1. Two times 60mm sheet piling. First layer applied vertically directly onto the masonry. (Each piece of wood is drilled and dowelled to the masonry).
2. Then the second layer of 60mm sheet piling screwed horizontally onto the first layer.
3. Battens 30mm thick applied vertically. This will certainly be sufficient as ventilation.
4. Screw facade cladding onto the battens.

Basically, I am optimistic that this should actually work well.
It would be much easier, however, to first apply battens and then start the wall construction as described above.
With a direct connection of the wood to the masonry, the wood would have to dissipate the moisture to the outside.
If there is battens between the wood insulation layer and the masonry, I fear that water will condense on the wall and, if not ventilated behind, mold could form there.
Ventilating directly at the wall at that point doesn’t seem right. Or am I mistaken? What do the experts think?
I would be very happy to receive some well-founded statements and thank you in advance.
 

knalltüte

2020-11-12 19:02:17
  • #2
Hi, if you really only have 12cm of pumice stone, put some "real" insulation in front of it if you have the space. A curtain wall could look like this, for example: About 8-10cm thick battens on the pumice stones, with rock wool/mineral wool in between. Then a breathable underlay membrane + battens, then vertical cladding as a bottom/top cladding (e.g. larch). I did something similar and it worked quite well.
 

Glaetzie

2020-11-12 19:12:07
  • #3
Yes, I understand that, but since I work in a sawmill, the insulating material itself costs me almost nothing (reject material) and I know some people with solid wood walls who only report the best, I want to take a path off the beaten track. I don't want any foils, no vapor barriers, etc. I want to work purely with the material wood. I'm just not sure about the construction and hope to get expert advice here. Thank you very much
 

knalltüte

2020-11-13 08:29:07
  • #4
So the solid wood houses of my sister and my parents (both log houses) actually had only about 12-14 cm of solid wood. That was enough back then (about 20 years ago) to meet the energy saving ordinance. But even then it was about airtightness, so insulation strips between the logs so that no drafts occurred ;-) If you put a (relatively) dense wooden panel in front of the pumice, it will provide some insulation effect. However, the wood must be protected from the outside (constructively always better than chemically) and the dew point must not lie within the wooden wall (this needs to be calculated, but for that the exact values (the thermal transmittance coefficients) of the materials would have to be known ... is this known for the leftover wood?)
 

LordNibbler

2020-11-13 09:09:04
  • #5
Doesn't one need a wood mass that ultimately becomes a self-supporting shell around the house for an insulating effect?
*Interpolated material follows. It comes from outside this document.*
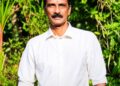 ಕಂದಾಯ ನಿರೀಕ್ಷಕ ಶಿವಪ್ರಸಾದ್ ರಾವ್ ನಿಧನಕ್ಕೆ ಉದಯ ಶೆಟ್ಟಿ ಮುನಿಯಾಲು ತೀವ್ರ ಸಂತಾಪ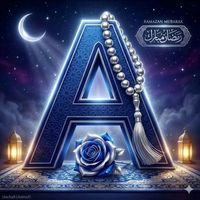 abdumahamedk6c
It seems that the OP wants to save money by using inexpensive production scraps. However, I don't believe that this will result in a satisfactory balance in the triangle of forces price <-> insulation effect <-> building physics.
 

nordanney

2020-11-13 09:51:08
  • #6
The approach you want can be implemented like that. However, you must be aware that the effect is only marginal. The U-value of the finished wall is still really bad (I just calculated it). You still have cold walls. In addition, you have poor dew point shifting - everything will get wet (calculated with spruce and oak). Whether ventilation is sufficient if the moisture penetrates the masonry, I cannot assess. For that, I am too much of a layman.

P.S. Calculated with airtight wooden layers. Not with gaps etc. Probably somewhat drier then, but with missing insulation effect.